Fig. 1.

The Rb binding domain of E7 is required for ATM and ATR activation in HPV31 positive and E7-expressing keratinocytes. (A) Southern blot analysis performed on DNA harvested at the indicated time points from human foreskin keratinocytes maintaining wild-type HPV31 genomes (HFK-31), as well as HFK-31 cells containing a mutation in the E7 Rb binding site (HFK-31 ΔLHCYE). DNA was digested with either BamH1, which does not cut the viral genome, or HindIII, which cuts the genome once. The HPV31 genome was used as a probe. (B) Western blot analysis was performed on lysates harvested from HFKs, HFK-31 cells, or HFK-31 ΔLHCYE cells. Lysates were harvested from undifferentiated cells (T0), as well as after 24 and 48hr differentiation in methylcellulose (MC). Primary antibodies used were phosphorylated ATM on Ser1981 (pATM), total ATM, phosphorylated Chk2 on Ser68 (pChk2), total Chk2, phosphorylated Chk1 on Ser345 (pChk1), and total Chk1. GAPDH served as a loading control.
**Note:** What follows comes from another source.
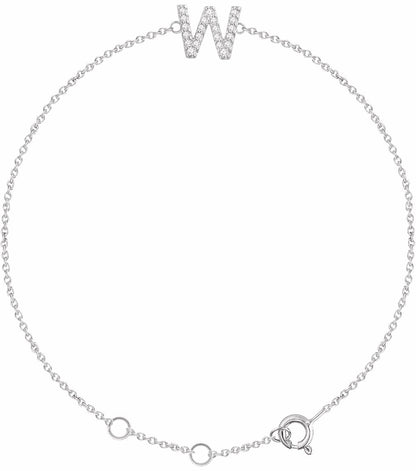 14K White .07 CTW Diamond Initial W 6-7 Bracelet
Shown are blots representative of five independent experiments across four HFK backgrounds. (C) Whole cell lysates were harvested from undifferentiated (T0) as well as differentiated (24, 48hr MC) HFKs stably transduced with either a retroviral control construct (pLXSN) or retroviral constructs expressing wild-type HPV31 E7 (pLXSN-31 E7), or HPV31 E7 containing a mutation in the Rb binding domain (pLXSN-31 E7 ΔLHCYE). Immunoblotting was performed as described in panel B. Western blots shown are representative of three independent experiments across two HFK backgrounds.